Unleashing the potential of people also involves identifying and nurturing tomorrow’s growth leaders. During Kraft Foods’ transformation journey, a formal program called the Winners’ Circle was created to recognize and reward performance and potential in the international business. This program was designed after benchmarking against some of the world’s best companies. Rising stars from around the globe were nominated through a rigorous selection process, and the Winners’ Circle members were inducted into a leadership program designed to build their capabilities. Today, their career progress is carefully monitored and they are selected for challenging growth assignments across the company. The program has generated tremendous buzz within Kraft Foods because of its richness and depth.
5. Execution: Clarify and Delegate
With the discovery, strategy, vision, and people in place, the next challenge is execution. This is the most important step in the journey, and it is also the most difficult. Execution has two key elements. First, everyone needs to be clear about who will do what, to avoid ambiguity about roles and responsibilities. Second, decision making needs to be moved closer to customers and consumers so that the people responsible for results have the operating freedom they need. Most organizations have a mistaken conviction that the leadership team has superior knowledge on every subject. This belief conditions managers to assume that success lies in pleasing the leadership team rather than in winning in the market.
Kraft Foods found that the organization had become such a complex matrix that accountability was fragmented across functions, markets, and business units, yet decision making had become highly centralized. Decisions such as product pricing were being made at corporate headquarters, which took longer and excluded the rich knowledge and context of local markets. Even such routine decisions as the pricing of coffee in Germany were made at the corporate headquarters in Northfield, Ill.! This was changed to give business leaders the freedom to make decisions that would allow them to compete effectively in their markets. The role of corporate headquarters was made more strategic and less operational. Certain decisions involving food safety and purchasing were still kept centralized because they had to be made on a large scale, as opposed to those that demanded intimacy with local consumers and customers. These changes have had a profound effect in making the organization more nimble.

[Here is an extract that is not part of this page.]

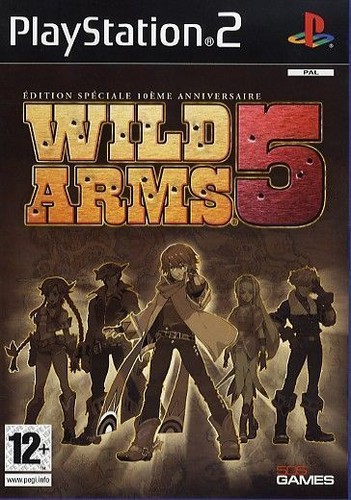 Wild arms ps2 - arms,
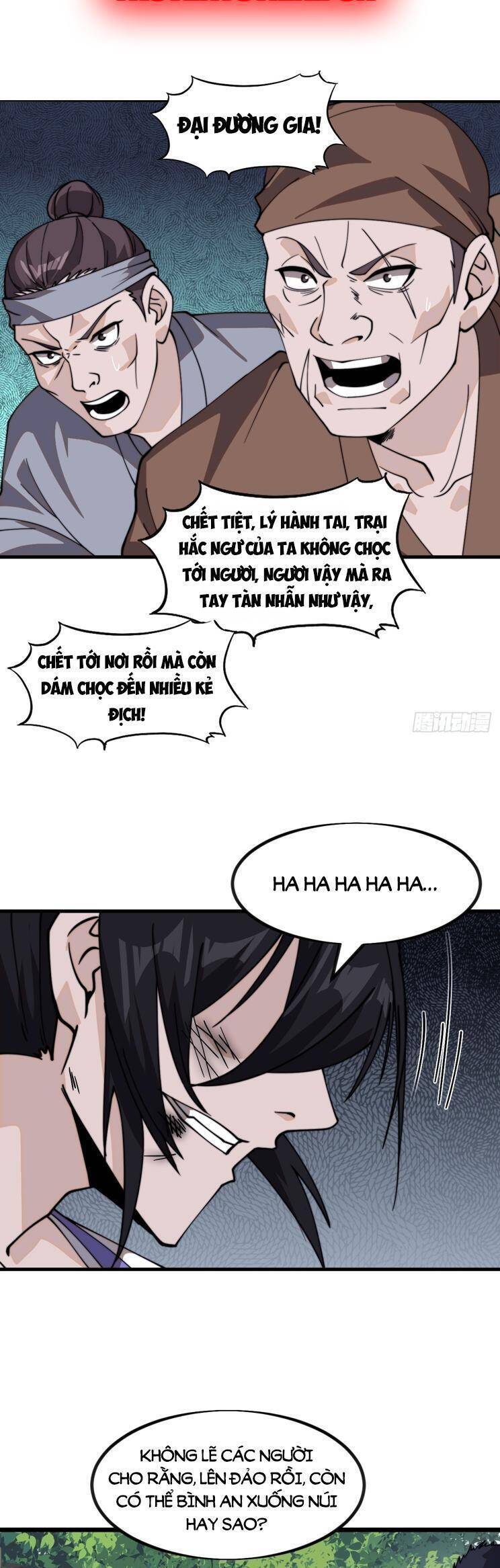 Ta Có Một Sơn Trại Chapter 1031 - Trang 12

To accelerate execution, we recommend a strong bias for action. Business leaders should demand a dramatic reduction in internal documents and meetings. In our experience, too many meetings and documents foster analysis paralysis, promote internal focus versus external focus, and emphasize the past over the future. Much of the documentation is generated to please senior management, with endless hours spent on “wordsmithing” and editing. For the most part, we suggest a “no PowerPoint” policy in presentations; meetings are often far more productive if they focus on discussion based on pre-reading. Numbers may help tell the story, but too often, we find that numbers become the story and the big picture gets lost.
6. Organization: Build Collaborative Networks
Growth initiatives rarely fit within organizational silos of function, geography, and business unit. Rather, they need to be managed by creating communities and networks across the company, formal as well as informal. At Kraft Foods, certain networks, such as R&D, have always been strong. However, as business units were pushed to take P&L responsibility, it was important to set up collaborative networks to ensure that the best people with the best ideas were connected to leverage expertise and scale. Kraft Foods set up global category teams consisting of executives drawn from different functions and geographies to manage global brands, innovation, and supply chains across markets. Each team follows the approach that works best for its brand or category in terms of what needs to be done by whom, globally or locally.